Sunday, January 31, 2010
The Yellow Tower gets its name from the colour its stonework appears at sunrise and sunset. At a height of 40 metres it dominates the skyline of Trim and towers above Trim Castle which sits at the base of the hill. Built in the 14th Century it was the Bell Tower and a place of refuge for the Augustinian Abbey of St Mary, it was destroyed in the 17th Century.
This door at the base is almost 1.8m or 6 foot, in the previous picture its on the left bottom corner. That might give an impression of the height of the tower.
A ruin of an old out building
Posted by Paz at 1:37 PM
Saturday, January 30, 2010
Trim Castle built in 1100's is Irelands largest castle and is also the largest Norman Castle in Europe, it was built for Hugh De Lacy. It was made famous in more recent times when used in the movie Braveheart. It was important to the Normans as it was the capital of the county Meath at the time and it was the western edge of 'The Pale'. This was the region on the East coast that was under the control of the English untill the middle ages, it was controlled locally by Norman Knights planted by the English. Even today the derogatory name for people from this area is West Brits.
It was used in the 1500's as a meeting place for the Norman-Irish Parliment and was one of the locations mentioned for the site of Trinity College founded in 1590.
The Castle keep
Views of Walls and moate, where the wall is gone parts of the internal structure can be seen.
Posted by Paz at 8:13 PM
Wednesday, January 27, 2010
I came upon this cottage this afternoon, It is a gate house to a large estate house, thankfully it is kept in the style it was built. Red doors, white washed walls and thatched, the gate pillars are about 1,.8m or 6 foot, so you can see that the walls are quite low.
One thing I did notice was the front door on traditional cottages were usually half doors, you can see that the door is just about 1.5m or 5 feet., so you would have to stoop. Look at the top of the roof in second picture and see the little design, this was used as the calling card of a thatcher, each one had their own. The windows were very small, there would have been very little light, that was part of the reason for the split front door. There would have been rooms sometimes in the attic, it would have been quite warm in the winter, but there were no windows and often this would be the sleeping quarters for hired seasonal labour or Spailpeens. Because the thatch was warm they would have to share this area with rodents and bugs, I have heard older people talking about Spailpeens that would have had bites taken out of their ears!
Posted by Paz at 9:49 PM
Tuesday, January 26, 2010
Saturday, January 23, 2010
In 1915 the Lusitania sank in 18 minutes with the loss of 1918 people of the coast of Cork on its way to Cobh (then named Queenstown). Its sinking by a German U-boat caused outrage at the time and was a major influence in bringing America into the war. It sinking still cause arguments to this day as the Germans had declared that all British or Allied ships would be sunk in the British Isles and they had taken out an advertisement in the papers to state as much. While the ship was a passenger ship it was listed as an Armed Merchant Cruiser, was designed with gun mountings and it was carrying ammunition aboard when it was sunk. Though it was listed as an Armed Merchant Cruiser it was never used as such and never had any guns mounted.

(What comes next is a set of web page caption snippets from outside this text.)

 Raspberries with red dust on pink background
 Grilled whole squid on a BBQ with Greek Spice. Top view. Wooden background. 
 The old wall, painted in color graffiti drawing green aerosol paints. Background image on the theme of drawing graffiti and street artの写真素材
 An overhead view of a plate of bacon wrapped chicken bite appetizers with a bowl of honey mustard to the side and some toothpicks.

Today there is a new controversy in the area, the Old head is now one of Irelands most expensive Golf clubs and people can no longer walk out to the lighthouse, there are a few campaigns to open the area up to the public.Old head of Kinsale today,
The Castle at the Golf club entrance.
Memorial to the Lusitania
Posted by Paz at 6:51 PM
Wednesday, January 20, 2010
Tuesday, January 19, 2010
Funny to see this up on a wall in County Cork, the rebel county. Its Ironic that this would survive when Cork has more statues and memorials to victims of the 1916 rising and other republican figures, than all other counties. The town of Cobh (the Cove of Cork) got renamed by the English as Queenstown to celebrate the visit of Queen Victoria* in 1939, this dock yard built in 1932 got the same treatment by the owners. Like the posts boxes its funny to see reminders of the old enemy around the country.
Posted by Paz at 10:38 PM
Wednesday, January 13, 2010
While I look out at green fields parts of Galway still have snow, we are not used to the snow like some of my friends. The roads are a dangerous mixture of slush, snow and ice and driving conditions in parts deemed as treacherous according to Road Safety Authority.But this is what I had wished for at Christmas.
Posted by Paz at 11:19 PM
Tuesday, January 12, 2010
This maybe not the best selection of pictures, but is more a representation of my Year, last year.

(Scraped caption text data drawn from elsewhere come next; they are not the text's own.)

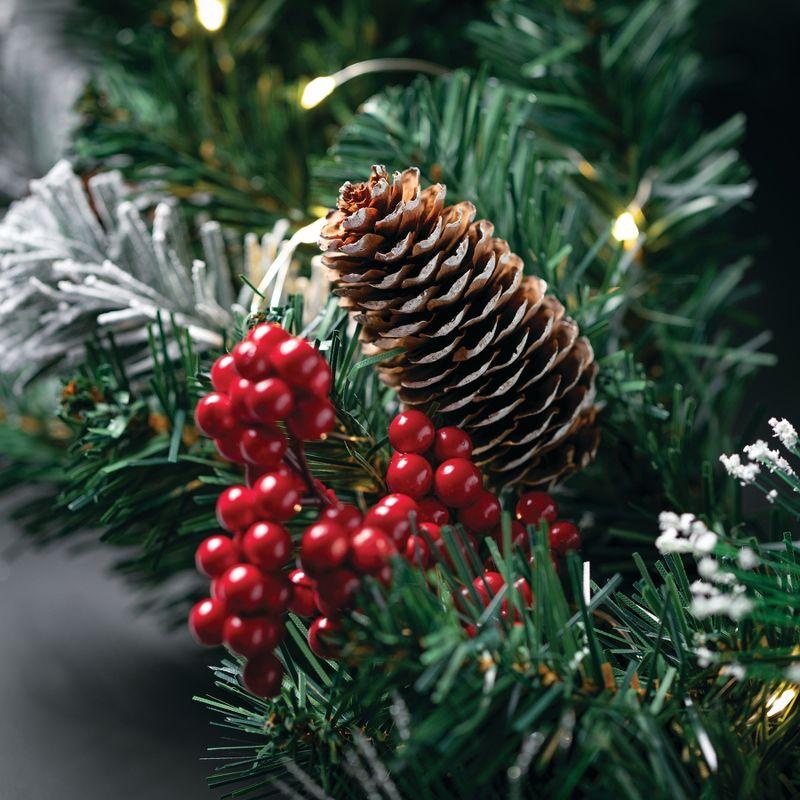 Sullivans 24 Inch Pre-lit Berry Pine Christmas Wreath Decorated with Pinecones, Light Flocking, and Warm White Twinkle Lights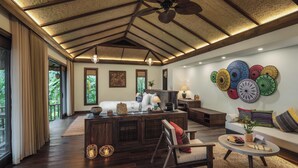 A spacious living room with a high ceiling, wooden beams, and a large window. - Avana Retreat (Bao La)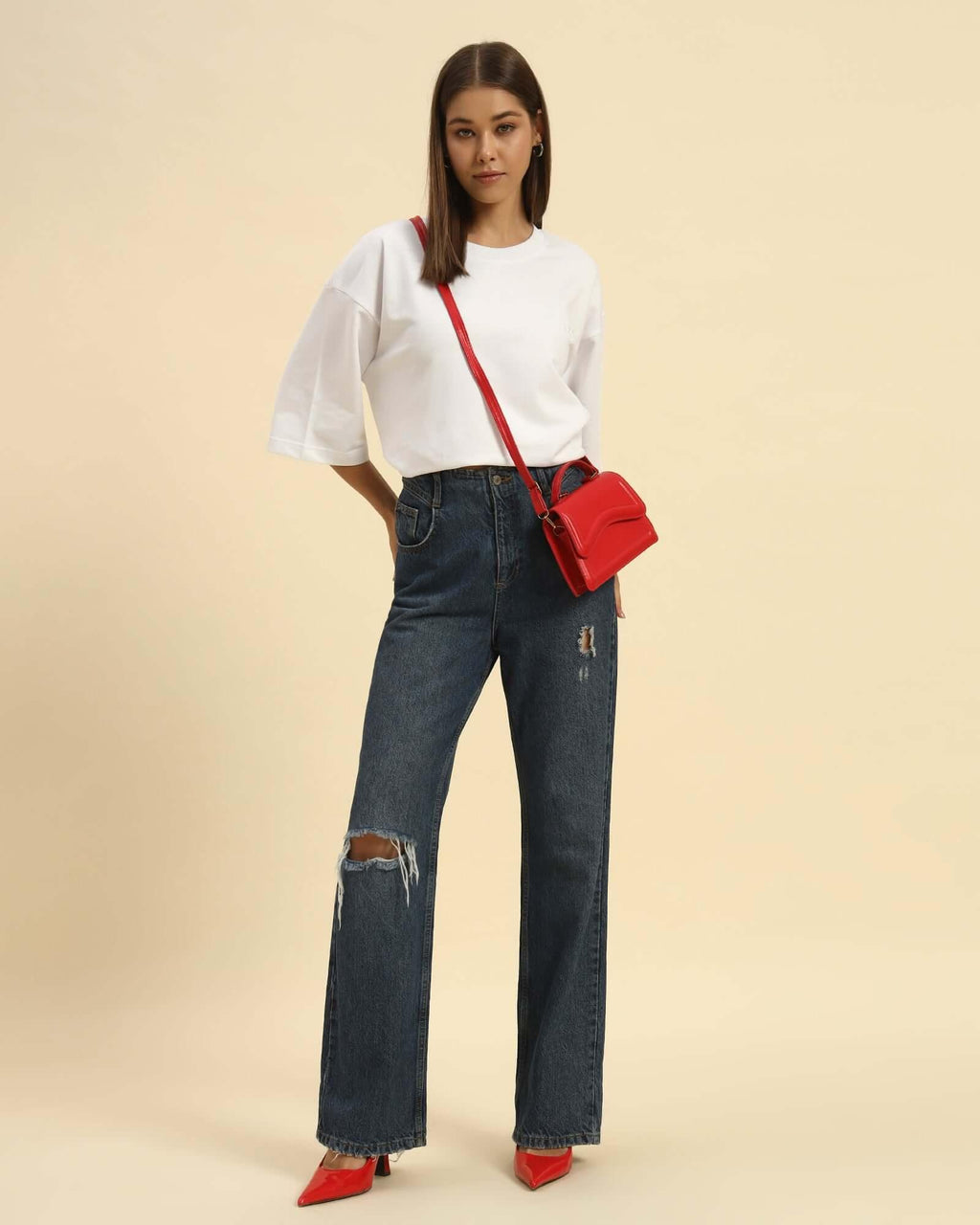 AE Oversized French Terry Crew Neck T-Shirt | White | Woman worn with ripped jeans and a red handbag.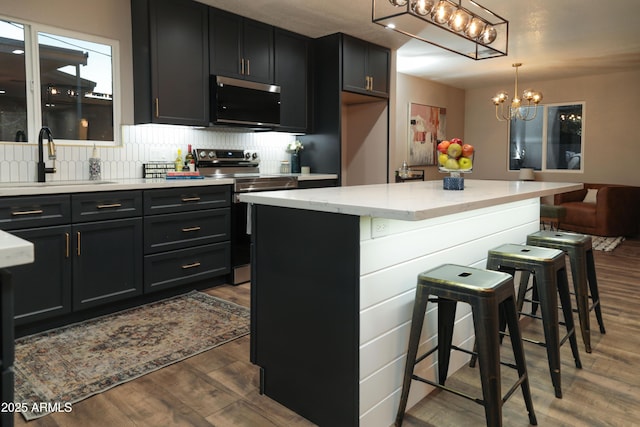 236 E Minton Dr, Tempe, AZ 85282 - kitchen featuring stainless steel appliances, a chandelier, dark wood finished floors, tasteful backsplash, and dark cabinets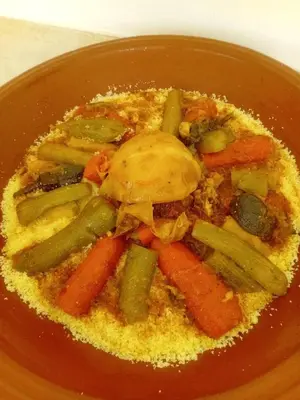 a bowl of food with green beans and vegetables at Dar Mayleya in Marrakech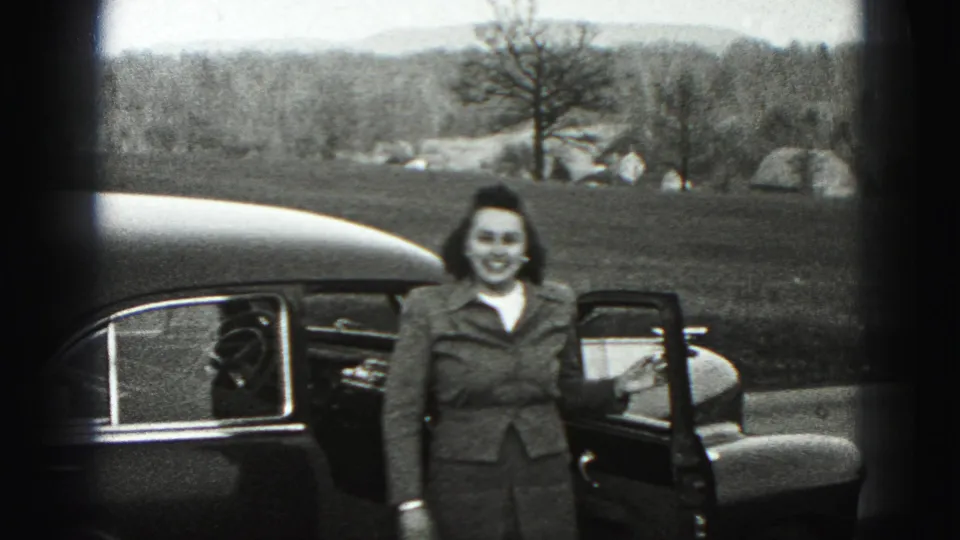 The woman stands smiling beside the open sedan door, with grass, trees, rocks, and distant hills behind her.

The music is from a up and coming singer songwriter from Galway, the song is 'The Universal Tune' with permission from Ultan Conlon from his album 'Bless Your Heart' available from www.ultanconlon.com, see also his his Youtube http://www.youtube.com/user/2ultanjohn.
Posted by Paz at 12:21 PM
Saturday, January 9, 2010
We have had the worst frost since the 60's, we have had sub zero weather since Christmas. We are not used to this and are not prepared for prolonged frozen weather. This is the view from the back of my house and from the attic window, no snow but everything is white.